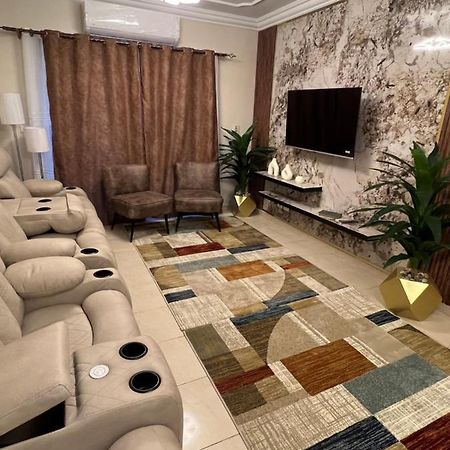 Luxurious Vip Apartment In Madinaty Furnished With High End Hotel Furniture Eksteriør bilde
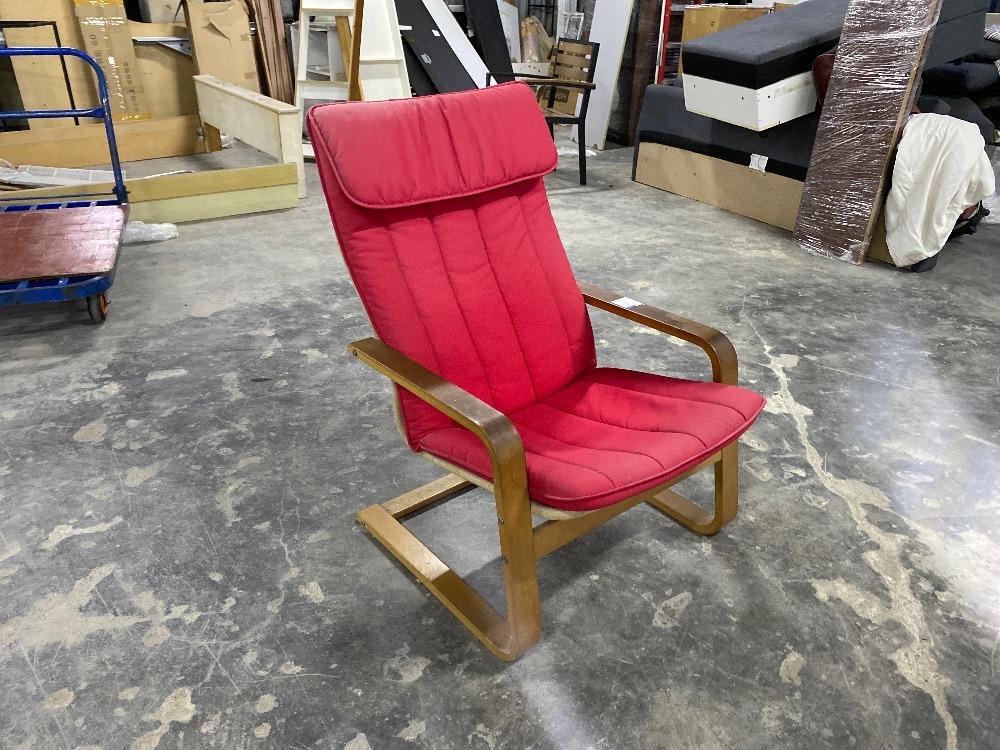 Wide Comfortable Single Armchair Red Colour Kerusi Berlengan Tunggal Lebar Selesa Warna Merah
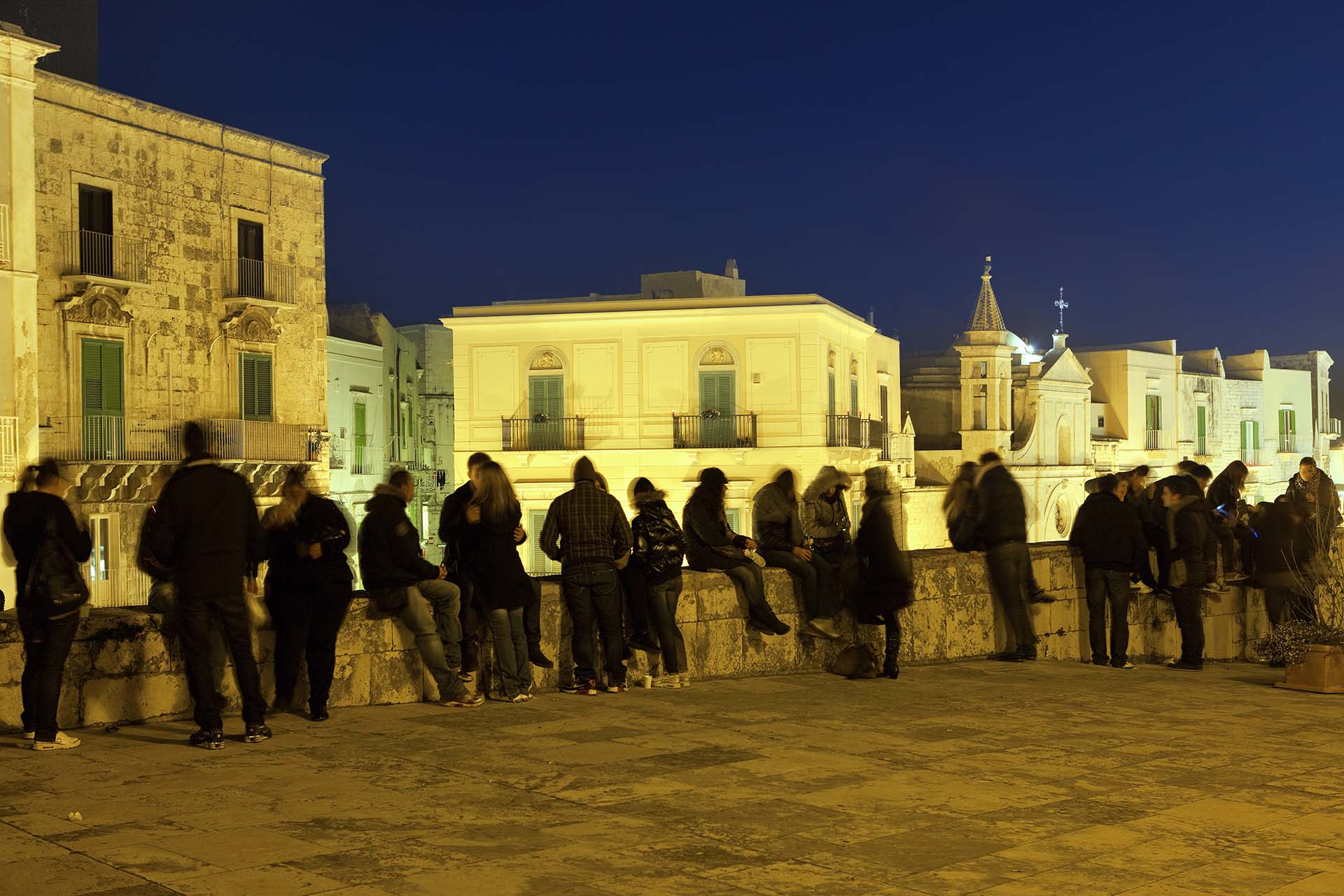 Puglia, movida nel centro storico di Molfetta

-- WHAT YOU WILL DO --
All lines from the one containing "Wide Comfortable Single" to the last line of the data above, both included, should be printed exactly, and the pictures should not appear.

-- REPLY TO THE TASK --
 Wide Comfortable Single Armchair Red Colour Kerusi Berlengan Tunggal Lebar Selesa Warna Merah
 Puglia, movida nel centro storico di Molfetta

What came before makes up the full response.